* [REQUIREMENT]: Each entry is to be retyped exactly as it appears. Leave the images out.

* [DATA FOR REVIEW]:
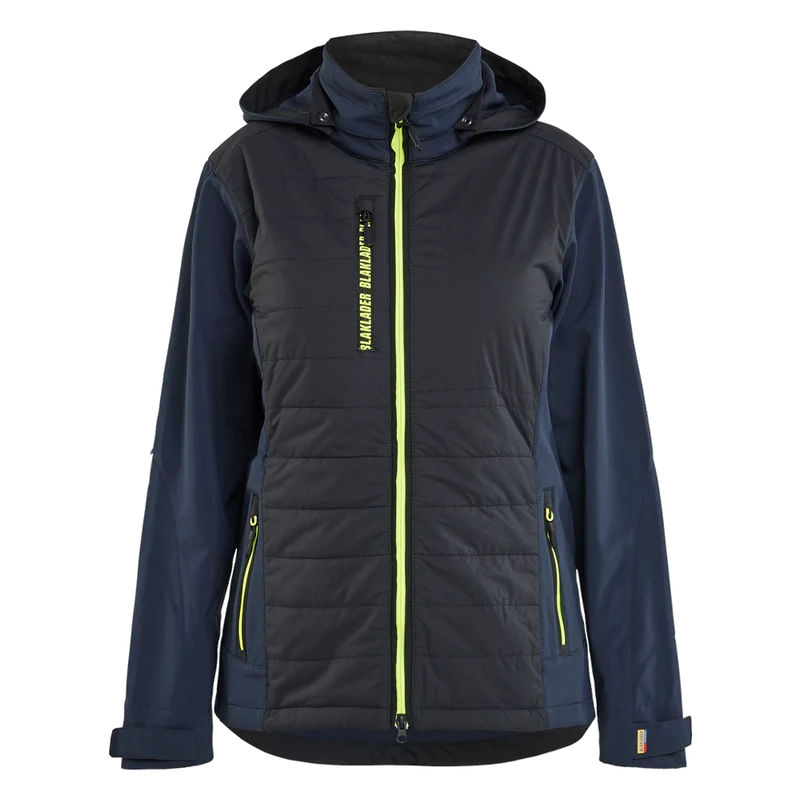 Blaklader Dames Hybride Jack Capuchon 4733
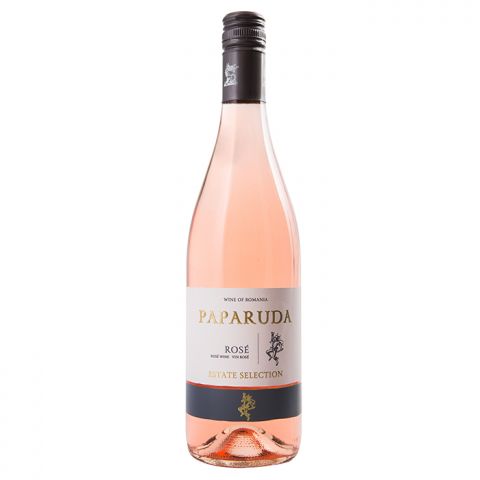 Paparuda Rose 75cl - Tuffins Supermarket Tanners Wine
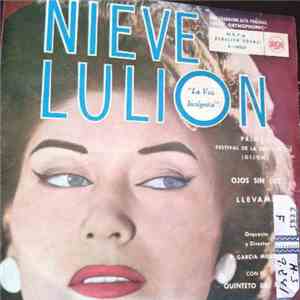 Nieve Lulion - Ojos Sin Luz download free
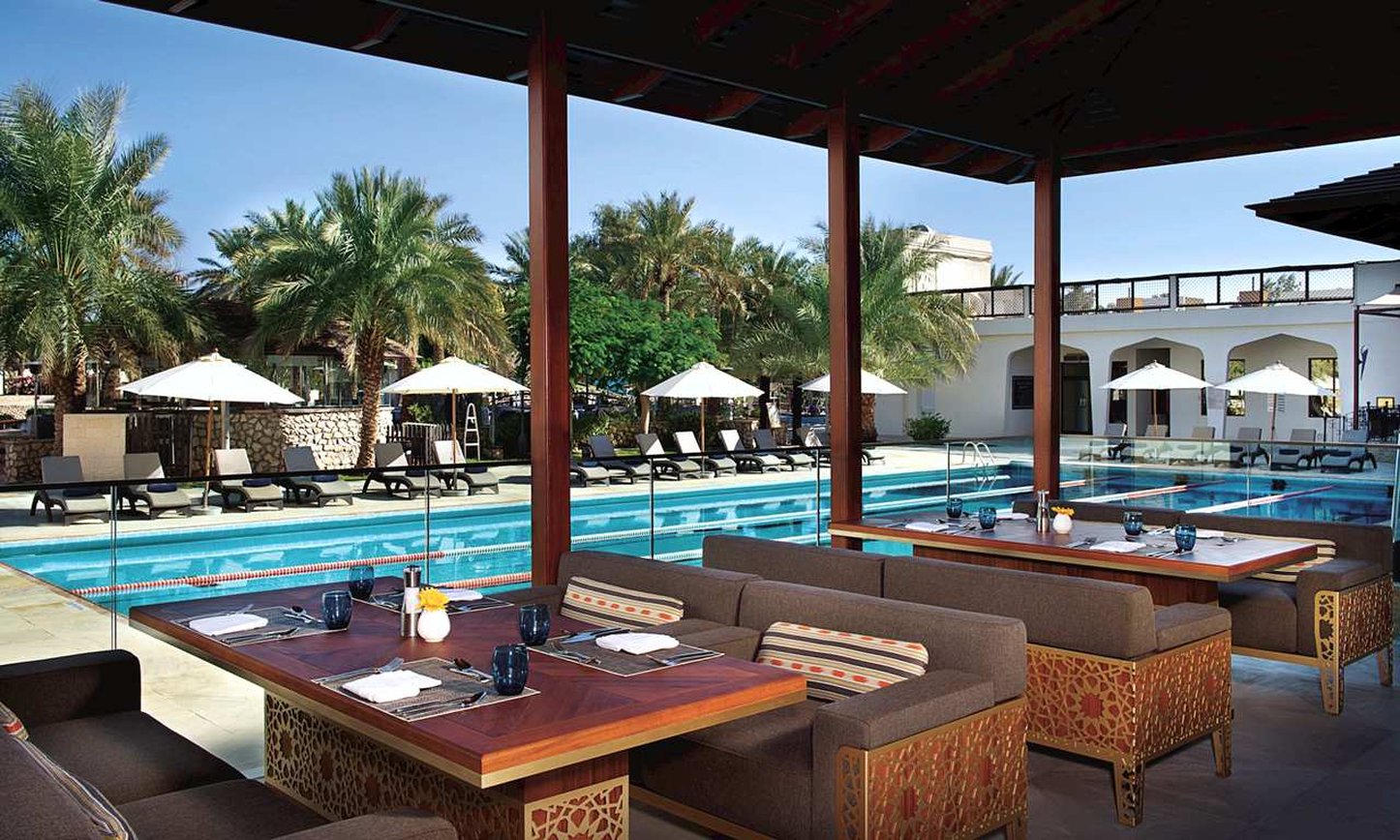 Radisson Blu Hotel & Resort, Al Ain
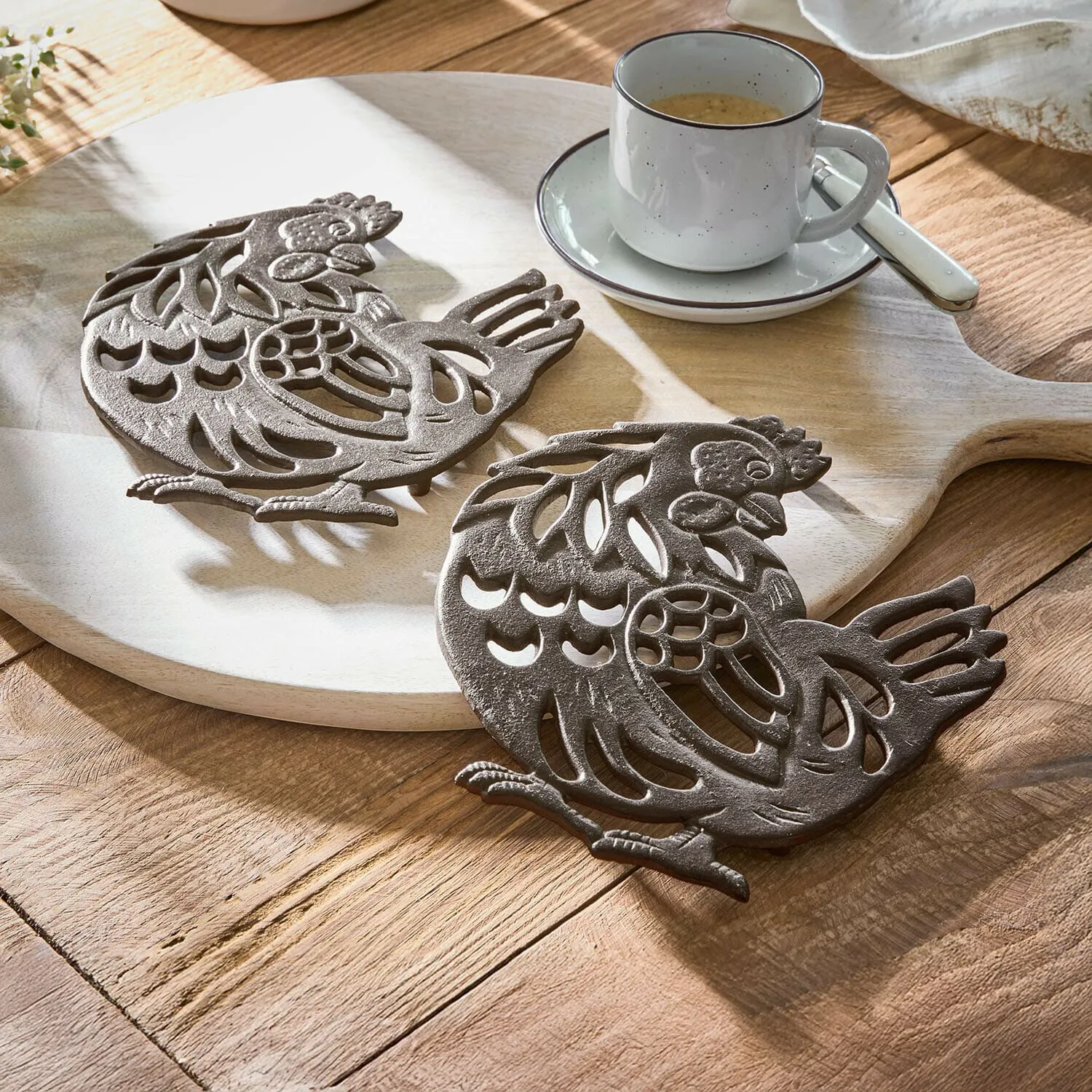 Untersetzer 2er Set Chavéreau – Bild 4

* [SOLUTION BELOW]:
 Blaklader Dames Hybride Jack Capuchon 4733
 Paparuda Rose 75cl - Tuffins Supermarket Tanners Wine
 Nieve Lulion - Ojos Sin Luz download free
 Radisson Blu Hotel & Resort, Al Ain
 Untersetzer 2er Set Chavéreau – Bild 4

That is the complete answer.